▶ _Assignment_
Some of the lines below need repeating. Reproduce exactly those between the lines holding "059131503H | EGR" and "Honda Jazz 1.5", inclusive.

▶ _Given information_
•••••
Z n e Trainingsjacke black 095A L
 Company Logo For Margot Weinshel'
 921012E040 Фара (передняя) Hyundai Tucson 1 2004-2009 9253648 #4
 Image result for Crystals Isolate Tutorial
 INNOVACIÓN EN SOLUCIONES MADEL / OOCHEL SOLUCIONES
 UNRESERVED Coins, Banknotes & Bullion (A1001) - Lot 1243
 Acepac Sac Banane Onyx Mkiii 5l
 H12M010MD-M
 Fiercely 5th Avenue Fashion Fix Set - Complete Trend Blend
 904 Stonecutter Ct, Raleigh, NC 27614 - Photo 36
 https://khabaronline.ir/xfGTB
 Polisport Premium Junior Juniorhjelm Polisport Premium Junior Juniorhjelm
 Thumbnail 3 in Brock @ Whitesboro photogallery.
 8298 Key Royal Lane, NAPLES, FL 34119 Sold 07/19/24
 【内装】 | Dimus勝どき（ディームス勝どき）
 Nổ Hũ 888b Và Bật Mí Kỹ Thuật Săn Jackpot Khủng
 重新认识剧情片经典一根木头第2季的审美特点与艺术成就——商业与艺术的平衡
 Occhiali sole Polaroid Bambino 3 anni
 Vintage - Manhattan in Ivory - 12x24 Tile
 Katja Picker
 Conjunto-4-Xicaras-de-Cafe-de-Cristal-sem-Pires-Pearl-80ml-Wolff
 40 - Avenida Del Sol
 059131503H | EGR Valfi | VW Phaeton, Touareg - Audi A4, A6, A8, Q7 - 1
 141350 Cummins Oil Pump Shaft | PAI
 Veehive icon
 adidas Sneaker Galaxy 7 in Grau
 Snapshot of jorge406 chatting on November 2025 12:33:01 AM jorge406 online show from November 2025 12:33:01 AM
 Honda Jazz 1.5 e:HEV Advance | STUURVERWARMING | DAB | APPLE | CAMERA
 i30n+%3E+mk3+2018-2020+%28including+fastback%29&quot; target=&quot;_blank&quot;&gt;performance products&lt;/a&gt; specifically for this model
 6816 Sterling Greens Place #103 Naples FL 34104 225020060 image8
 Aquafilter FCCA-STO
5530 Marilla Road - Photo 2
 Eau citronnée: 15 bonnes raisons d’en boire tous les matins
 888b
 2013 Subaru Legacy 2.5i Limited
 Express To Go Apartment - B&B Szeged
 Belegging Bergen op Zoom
•••••
▶ _Output of the task_
 059131503H | EGR Valfi | VW Phaeton, Touareg - Audi A4, A6, A8, Q7 - 1
 141350 Cummins Oil Pump Shaft | PAI
 Veehive icon
 adidas Sneaker Galaxy 7 in Grau
 Snapshot of jorge406 chatting on November 2025 12:33:01 AM jorge406 online show from November 2025 12:33:01 AM
 Honda Jazz 1.5 e:HEV Advance | STUURVERWARMING | DAB | APPLE | CAMERA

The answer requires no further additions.